Bisbee, Arizona was once a booming mining town, an important asset amidst WWI. During this era, Bisbee’s copper became of mass importance for fueling the war. After work conditions became unbearable, thousands joined a strike union known as the Industrial Workers of the World (IWW). Whispered rumors of rebellion amongst the group and possible conspiring with the German and Mexican rebellions reached the mining corporations. It was then these large corporations, including Phelps Dodge, and Bisbee police led a paranoia and fear-driven force team to take care of these radicals, many of whom were immigrants.

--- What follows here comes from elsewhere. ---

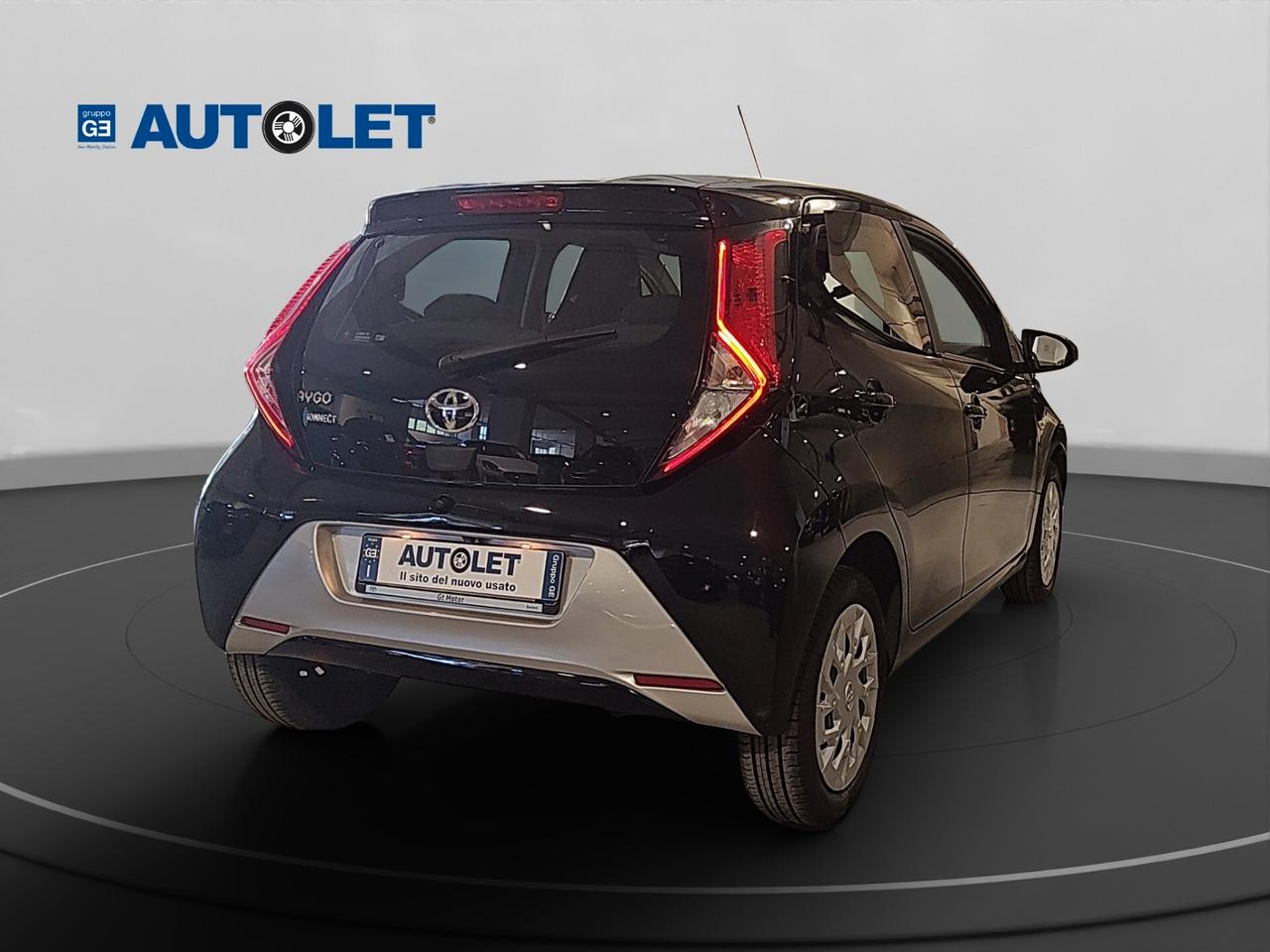 Toyota Aygo Connect 1.0 VVT-i 72 CV 5 porte x-play MMT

On July 12th, 1917, strapped with white bands around their arms, the enlisted force tore into nearly two thousand strikers home’s and kidnapped them at gunpoint. They were rounded up at the town’s baseball field, before thrown onto cattle cars and deported to desolate New Mexico desert and left to die.
This event was largely forgotten, with many living in Bisbee unaware of that this event ever occurred. Previous to this film, it was not taught in schools and never discussed among the few that knew the real history.
It was when a relative bought a converted mining shack in the small town that filmmaker Robert Greene was introduced to this clandestinely historic town. After reading “Robert Huston’s “Bisbee 17”, a fictionalized version of the deportation, Greene sought out the story he felt hiding in the border town.
Greene intersects two different genres of filmmaking, stitching together documentary observations and theatrical performances to portray the lost history of the Bisbee Deportation. His fascinating storytelling brings history to life, as townspeople gather to reenact the deportation on the event’s 100th anniversary. Throughout the planning and execution of the reenactment, Greene helps the people of Bisbee reconcile with a dark past. By becoming and interacting with physical manifestations of history, it translates into a “process of people thinking through how they’re representing their own story”, as Greene describes it.
You see it in their faces, the “ah ha” moment, a sudden clarity of the severity of the past. Stone faces and stunned reactions sit upon those behind the cattle car bars. For a moment, a look is shared between the detainees and the white banded men. The townspeople literally confront their own history and come to grips with the violent realities that have been buried and shushed into nonexistence.
The parallels that this film draws to our current political minefield is not lost on Greene. His team first took to Bisbee in the fall of 2016, previous to the presidential election. He returned in January to a shift in the community’s atmosphere. “It was totally different in vibe, and we came back in January and then immediately everyone understood the meaning of what we wanted to do, so it’s a long-gestating thing that just felt immediately scary and relevant once things had changed”, Greene explains.
Bisbee ’17 challenges history, pulling it from its roots and exposing the truth. While the film was not a comment on today’s politics, it suggests a way of looking at the world and humanity’s mistakes. “Bisbee, in many ways, is a microcosm of the country and understanding the depth of what happened there is a way to grasp where we are today and what potential calamities await us if we don’t heed the lessons of history”, says Greene. Bisbee ’17 goes beyond pointing a finger and stating, “That’s bad”. It presents an idea, a different tactic to fully understand the reverberations of a story such as this, pushing society a little closer to coming to terms with who we really are. It is through projects like this, ones that unforgivingly air out this country’s dirty laundry, that we are able to come to terms with our past and incite clarity for the future.